WORK TASK:
Once "Târgu Mures (Marosvásárhely), 10" turns up in a line below, reproduce that line and those after it exactly, stopping after the line with "Acrylic LED Boards"; leave pictures out.

MATERIAL SUPPLIED:
-*-*-
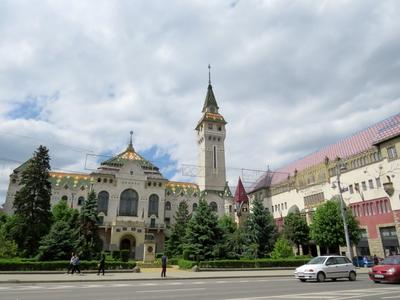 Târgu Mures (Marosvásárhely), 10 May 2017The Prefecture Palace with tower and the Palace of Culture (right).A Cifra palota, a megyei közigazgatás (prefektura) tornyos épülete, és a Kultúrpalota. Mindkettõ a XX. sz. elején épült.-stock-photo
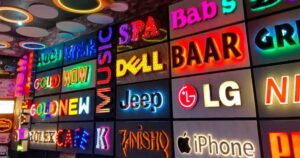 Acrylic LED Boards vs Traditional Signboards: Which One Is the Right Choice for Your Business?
-*-*-
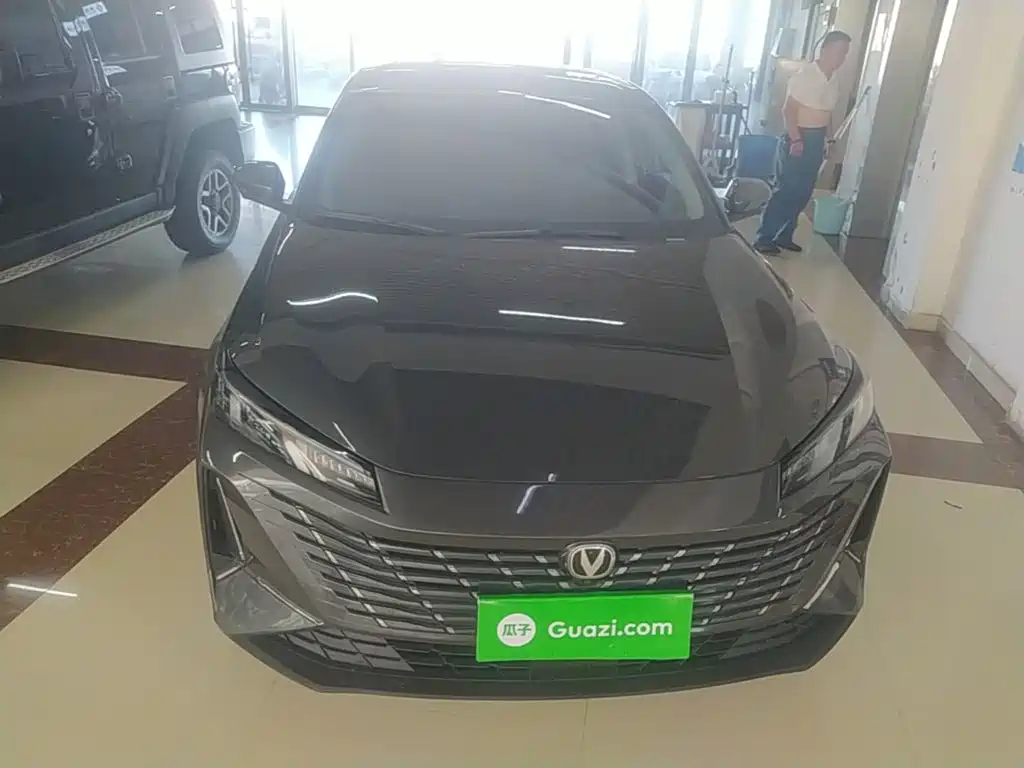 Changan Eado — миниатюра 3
-*-*-
ANSWER BOX:
 Târgu Mures (Marosvásárhely), 10 May 2017The Prefecture Palace with tower and the Palace of Culture (right).A Cifra palota, a megyei közigazgatás (prefektura) tornyos épülete, és a Kultúrpalota. Mindkettõ a XX. sz. elején épült.-stock-photo
 Acrylic LED Boards vs Traditional Signboards: Which One Is the Right Choice for Your Business?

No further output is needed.